En fin, me gustaría salir de la hoguera de la Inquisición en la que me he metido solidariamente por un momento junto al pobre Beppe Bigazzi y, aunque la caza evoque fundamentalmente el otoño, referirme a la liebre que siempre se invoca frente al gato como un bocado exquisito, o como una metáfora del engaño malicioso por el que se da alguna cosa inferior bajo la apariencia de legitimidad. No estoy seguro de haber probado la carne de gato -lo siento, Beppe- pero a la liebre la tengo por el triunfo del cazador. A la liebre de llanura y a la de montaña, a la de carrascal y la de bosque. Su carne perfumada está impregnada del recuerdo del tomillo, los hongos y los olores del sotobosque.
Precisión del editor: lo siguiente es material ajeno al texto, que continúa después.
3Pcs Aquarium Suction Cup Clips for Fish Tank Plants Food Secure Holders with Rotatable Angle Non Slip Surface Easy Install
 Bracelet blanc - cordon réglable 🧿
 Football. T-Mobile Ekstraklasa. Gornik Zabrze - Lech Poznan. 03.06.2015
Leo a Alain Ducasse que escribe de la liebre con mayor entusiasmo que de otras piezas de caza y recuerda al escritor y periodista belga André Castelot, que se refería a la cola «con un poco de carne adherida» como la mejor parte del animal, por los efluvios que encierra.

Las liebres espantaron a las tropas de Napoleón en Wagram, cerca de Viena y, sin embargo, una de las recetas cumbre de la cocina francesa es la famosa liebre a la Royale, que se cuece en «cocotte» ovalada, en vino tinto, albardada en lonchas de tocino, agregando posteriormente una ligazón de la sangre, los higadillos y la nata. En civet. Acompañada de una guarnición de trompetas de la muerte y trufas negras, castañas y tortellini rellenos de foie gras, como recomienda el propio Ducasse en su diccionario de los amantes de la cocina. O simplemente con un gratén de macarrones y parmesano. O más sencillo todavía, con una polenta casera gratinada, espolvoreada con un queso de oveja (cualquier pecorino o manchego) y pimienta blanca molida.

Y, para finalizar, el pequeño homenaje al humilde conejo de granja. El de monte, como ocurre con la liebre, resiste mejor la marinada del civet: la cocción lenta en vino tinto, la sangre y la picada en el mortero de unas almendras con ralladura de chocolate, que se incorpora en el último tramo para espesar la salsa. Pero, ¿qué se puede hacer con el simple conejo, el básico? La cocina casera siempre ha tenido una solución al alcance de la mano para cualquier guiso. Personalmente me gusta asar las paletillas con un ramillete de romero, incorporar unos caracoles y servirlas con un sofrito de verduras o una fritada de corazones del conejo con ajo picado muy fino. O cocer las espaldillas aderezadas con romero, a fuego lento, en aceite de oliva, y llevarlas al plato con un lecho de cebolla frita y aceitunas negras.

Los únicos que nos dan gato por liebre son estos popes de la corrección política: nuestros modernos inquisidores. Con gato o con conejo nos acabarán condenando a la hoguera por cualquier cosa. Que les den.